What conclusion would you think would follow from the following (courtesy of Sadly, No!)?
Dark deeds have been conducted in the name of the United States government in recent years: the gruesome, late-night circus at Abu Ghraib, the beating to death of captives in Afghanistan, and the officially sanctioned waterboarding and brutalization of high-value Qaeda prisoners. Now demands are growing for senior administration officials to be held accountable and punished. Congressional liberals, human-rights groups and other activists are urging a criminal investigation into high-level "war crimes," including the Bush administration's approval of interrogation methods considered by many to be torture.
I would think: we are a nation of laws. The accused will no doubt have better legal representation than their alleged victims (someone said something like that once–who was it?), but they'll still have to answer for their deeds.
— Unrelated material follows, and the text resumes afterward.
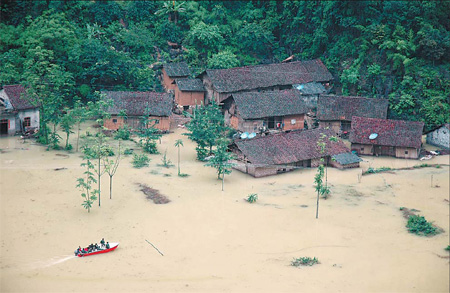 Rain wreaks havoc in Jiangxi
That's what I would say. Here's what the author said:
It's a bad idea. In fact, President George W. Bush ought to pardon any official from cabinet secretary on down who might plausibly face prosecution for interrogation methods approved by administration lawyers. (It would be unseemly for Bush to pardon Vice President Dick Cheney or himself, but the next president wouldn't allow them to be prosecuted anyway—galling as that may be to critics.) The reason for pardons is simple: what this country needs most is a full and true accounting of what took place. The incoming president should convene a truth commission, with subpoena power, to explore every possible misdeed and derive lessons from it. But this should not be a criminal investigation, which would only force officials to hire lawyers and batten down the hatches.
Couldn't this be said about any criminal act? What the family needs is a full accounting of what happened–outside of the Rashomon-like perspectivism of a criminal trial–so let's grant the accused immunity and just hear about how he went about his crimes.
Of course that's nonsense not worthy of the most motivated high school debate student. People will continue to lie to protect their reputations–even when nothing is at stake. Criminal trials don't really produce truth anyway, they produce, maybe sometimes, justice.